Event Summary: Short Selling and Responsible Investment

Published: 28 September 2020

Panel Discussion: Short Selling and Responsible Investment

AIMA is dedicated to ensuring that our members have the support they need should they wish to implement responsible investment. As part of those efforts, we recently published Short Selling and Responsible Investment—an exploration of how short selling can be used to further responsible investment goals—with Simmons & Simmons. We also had the opportunity to host a panel discussion of the topic, with Darren Fox of Simmons & Simmons moderating a panel consisting of Pierre Lenders of CFM, Lukasz Pomorski of AQR, and Arnaud Langlois of Lombard Odier’s 1798 TerreNeuve fund.

To watch a recording of the panel, please click here.

While the PRI has noted that short selling “is one way for a hedge fund manager to express the view that an entity is not adequately incorporating ESG factors,” scepticism persists around the use of short selling in a responsible investment framework. We asked the panellists what they thought was behind this enduring reticence, and they gave several reasons:

  • First, the erroneous perception that hedge fund firms are somehow incapable of practicing responsible investment persists in some quarters.
  • Second, the fact that some stakeholders continue to mistake responsible investment for ethical investment.
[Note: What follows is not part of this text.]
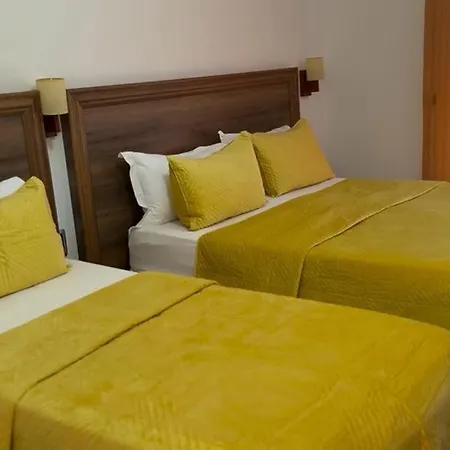 Grand By Greccia Dhermi Prime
As one panellist said, responsible investment is about value, not values. It is not necessarily an expression of ethics; it is generally implemented to enhance risk management, and potentially returns.
  • Third, it’s possible that some stakeholders simply have not thought about short selling and responsible investment. Since the hedge fund industry is comparatively small, and its investment activities complex, its need are often overlooked when it comes to the formulation of responsible investment guidance and regulation (something we have seen with the EU’s SFDR regulations). AIMA, of course, is intent on addressing this issue and filling those gaps.

We also asked the panellists how they use environmental, social, and governance (ESG) factors to inform their short selling. First and foremost, they argued that doing so was a way of hedging ESG risks. In many ways, governance (‘G’) factors have always been at the heart of short selling. The recent case of the alleged fraud at Wirecard, for instance, is an excellent example of short selling triggered by governance concerns. The panellists noted that such an approach could also work in the case of social (‘S’) factors; an issuer with poor workplace safety standards, for instance, might be at greater risk of financial harm from litigation. Finally, the question of hedging environmental risks was discussed. One panellist argued that short selling is one way of limiting a portfolio’s net exposure to carbon emissions (a proposition detailed in Short Selling and Responsible Investment).

Ultimately, acceptance of short selling and responsible investment will likely grow, as investors become more familiar with the abilities hedge fund firms can bring to the implementation of responsible investment. AIMA will continue its work to ensure that the unique contributions of the hedge fund industry in this area are recognised.